Question

If tangents $PA$ and $PB$ from a point to a circle with centre $O$ are inclined to each other at an angle of ${80}^o$, then $\angle POA$ is equal to

• A. ${50}^o$
• B. ${60}^o$
• C. ${70}^o$
• D. ${80}^o$

Answer 1

Answer: (A)

${50}^o$

Given-

O is the center of a circle to which two tangents $PA\&PB$ have been drawn at $A\&B$ respectively.

$\angle APB={80}^o$.

To find out-$\angle POA$

Solution-

We join $OA\&OB\&OP$.

So, OA & OB are radii through the points of contact of the tangents PA & PB to the given circle respectively.
$\therefore OA\perp PA$ & $OB\perp PB$ since the radius through the point of contact of a tangent to a circle is perpendicular to the tangent.
$\therefore \angle OAP={90}^o=\angle OBP$.

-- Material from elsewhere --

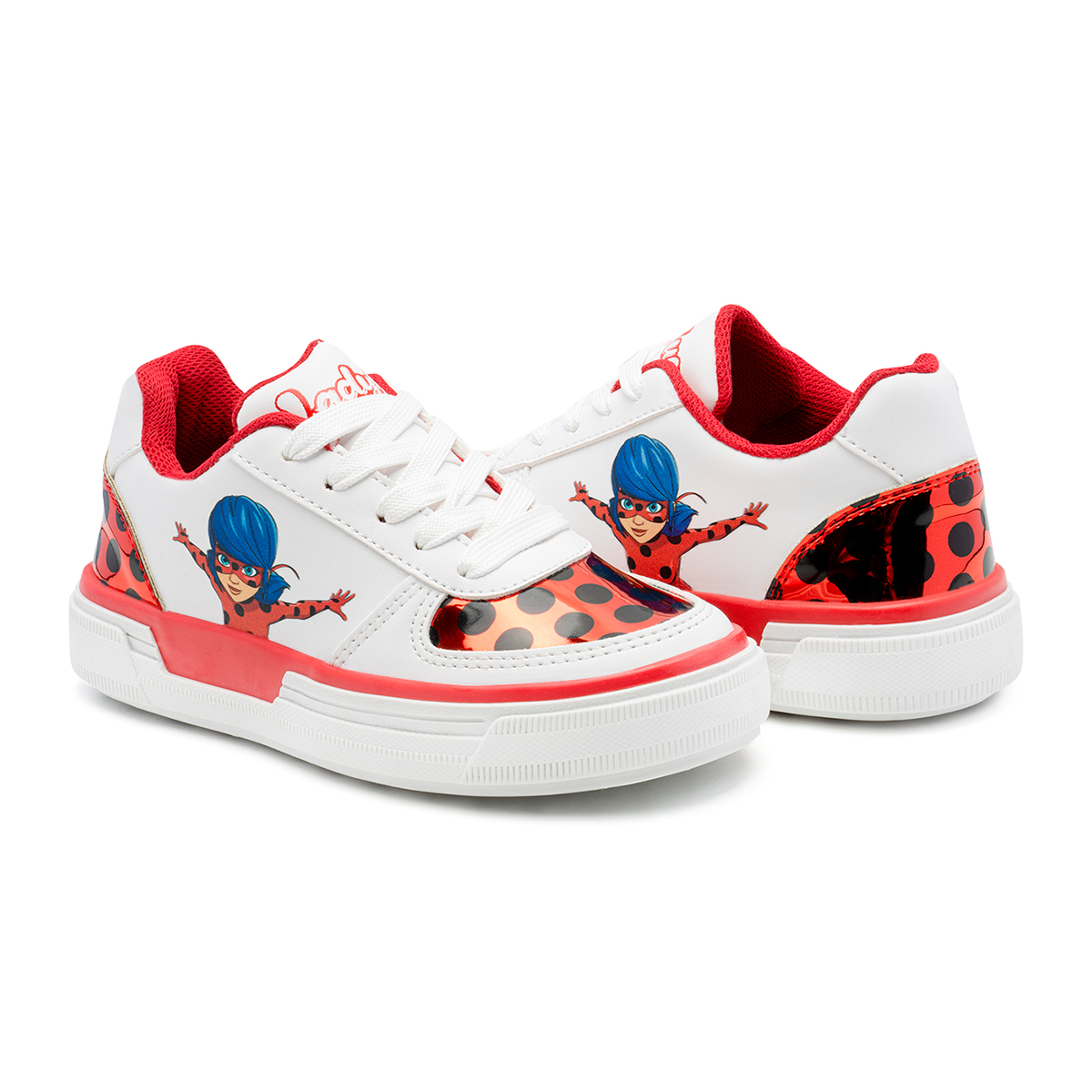 Foto 4 pulgar | Tenis Ladybug Niña Yuyin Blancos Cómodos Diseño Divertido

Now, in quadrilateral PAOB we have $\angle AOB={360}^o-\angle OAP-\angle OBP-\angle APB$

$={360}^o-{90}^o-{90}^o-{80}^o={100}^o.$

Now, between $\Delta OPA$ & $\Delta OPB$ we have

$OA=OB$ ...(radii of the same circle),

$PA=PB$ ...(Tangents to the same circle from a single point are equal) and OP is common side.
$\Delta OPA\cong \Delta OPB$ ....by $SSS$ test,

$⟹\angle POA=\angle POB=\frac{1}{2}\angle AOB=\frac{1}{2}\times {100}^o={50}^o$